Robert Mensch (born August 27, 1945) is an American politician. A Republican, served as a member of the Pennsylvania State Senate representing the 24th district from 2009 to 2022. He previously served as a member of the Pennsylvania House of Representatives, where he represented the 147th legislative district.

==Biography==
Mensch attended Valley Forge Military Academy and College on a music scholarship. He worked for 27 years as a general manager at AT&T and later for ARBROS Communications as a National Sales Director. He then served as a Marlborough Township Supervisor from 2004 through 2006. He is the co-founder of the Unami Watershed Conservancy and chairman of the Upper Perkiomen Valley Regional Planning Commission.

==PA State Senate==
On July 28, 2009, State Senator Rob Wonderling retired from his seat in the 24th district in order to assume the presidency of the Greater Philadelphia Chamber of Commerce. Mensch announced his intention to seek the Republican nomination for the special election as soon as Wonderling announced his plans. With Montgomery County Commissioner and former District Attorney Bruce Castor and former State Representative Jay Moyer withdrawing their names, Mensch had a clear path to the nomination that he received on August 6.

On September 29, Mensch defeated Democratic Lansdale Borough Council member Anne Henning Scheuring with 66% of the vote. In the 2010 general election he defeated Democrat Bill Wallace with 60% of the vote.
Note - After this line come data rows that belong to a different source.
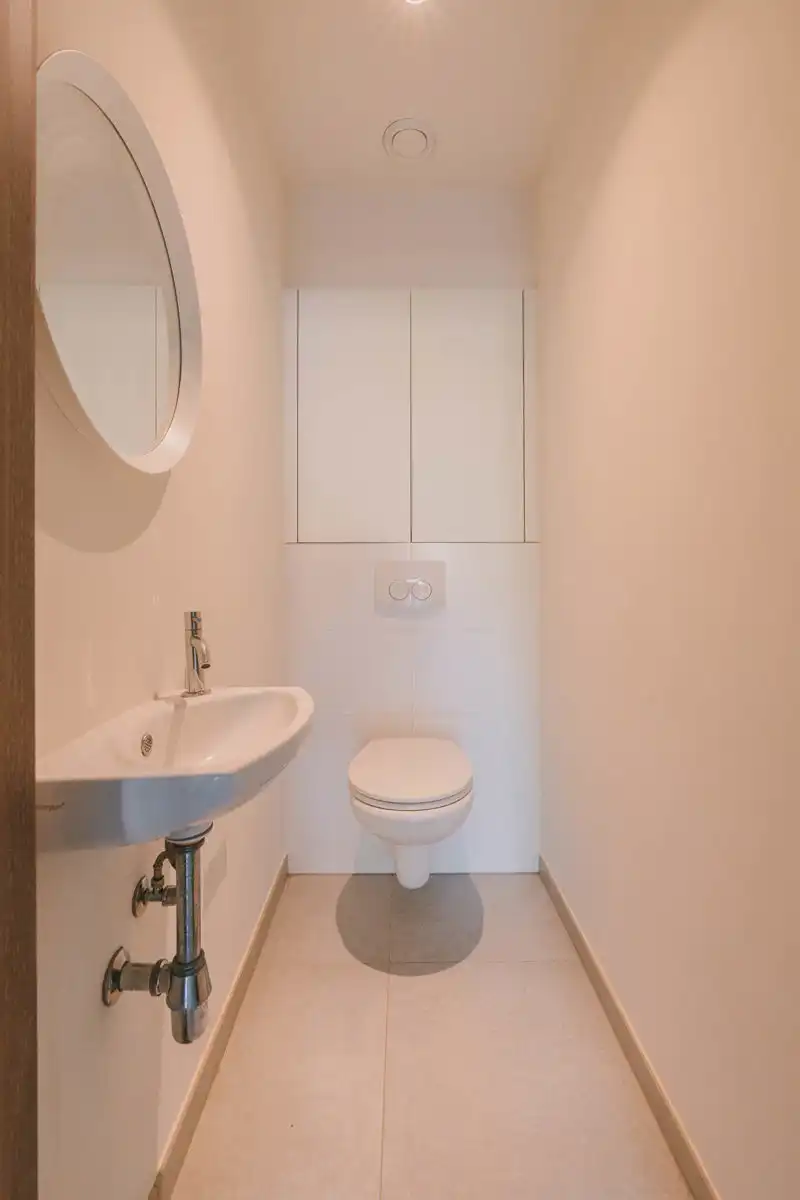 Gelijkvloers appartement nabij centrum Aarschot foto 20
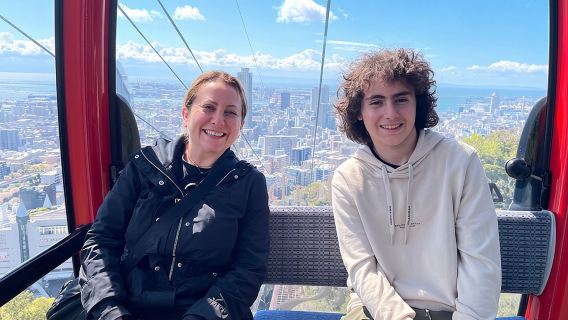 1-Day Kobe Highlights Tour including Sake Tasting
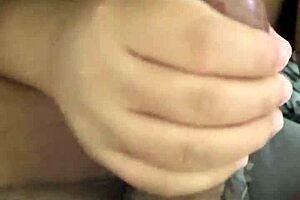 Horny Filipina Milf Maid Gives Deepthroat Blowjob and Takes Load 😍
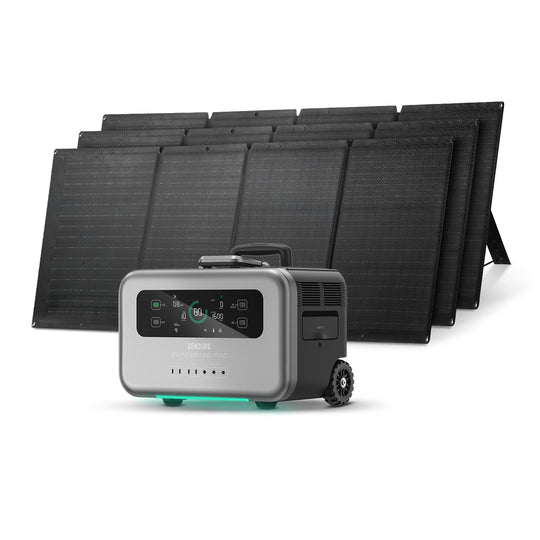 Zendure SuperBase Pro Station d'alimentation portable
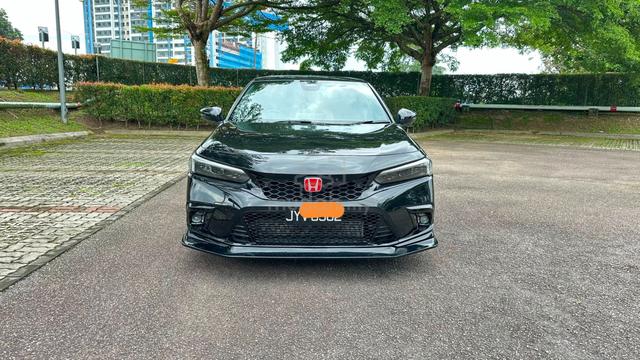2022 Honda CIVIC 1.5 RS (A) - 2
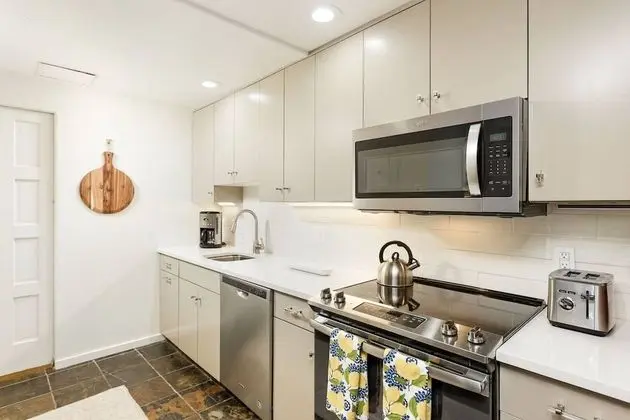 Daire (Aspen Mountain Condominiums 1C)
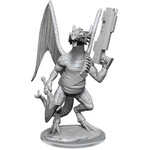 WizKids Starfinder Deep Cuts Unpainted Miniatures: W2 Dragonkin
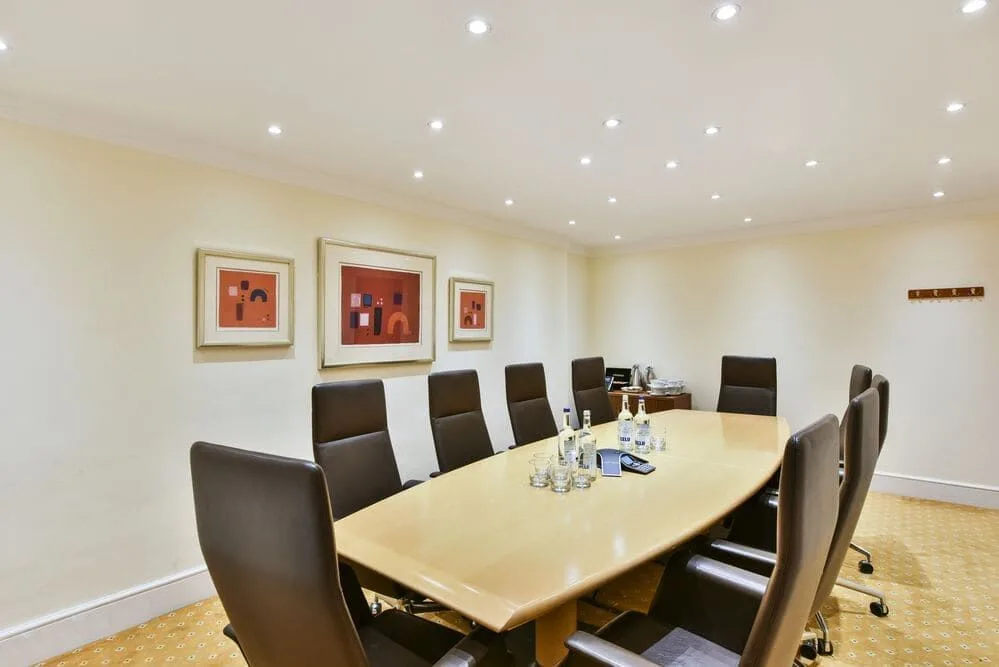Argyll - 33 St. James's Square, Salle de réunion 10 personnes, Londres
Senator Mensch was elected by his Republican colleagues to serve as Majority Caucus Chairman, a leadership position, for the 2019-2020 legislative session. As chairman he presides over Republican caucus meetings to discuss bills and amendments and to develop caucus strategy. He serves as Vice Chairman of the Veterans Affairs and Emergency Preparedness Committee and sits on the influential Senate Appropriations Committee. In addition, the Senator is a member of four additional committees: Health and Human Services; Game and Fisheries; Aging and Youth; and Labor & Industry. He co-chairs the bipartisan Senate Life Science Caucus, Economy, Business and Jobs Caucus, and the Community College Caucus. He also chairs the Legislative Budget and Finance Committee, which conducts studies and makes recommendations aimed at eliminating unnecessary government spending.

Senator Mensch sponsored Senate Bill 358, now Act 86 of 2013, which requires certified FDA facilities to provide patients with information regarding their breast density.

He also sponsored Senate Bill 181, now Act 48 of 2017, which requires all departments and agencies to justify their budget requests beginning with dollar one, for all existing as well as proposed programs for each fiscal year, before they can receive consideration for budget funding.

In October 2021, Mensch announced he would retire at the conclusion of his term.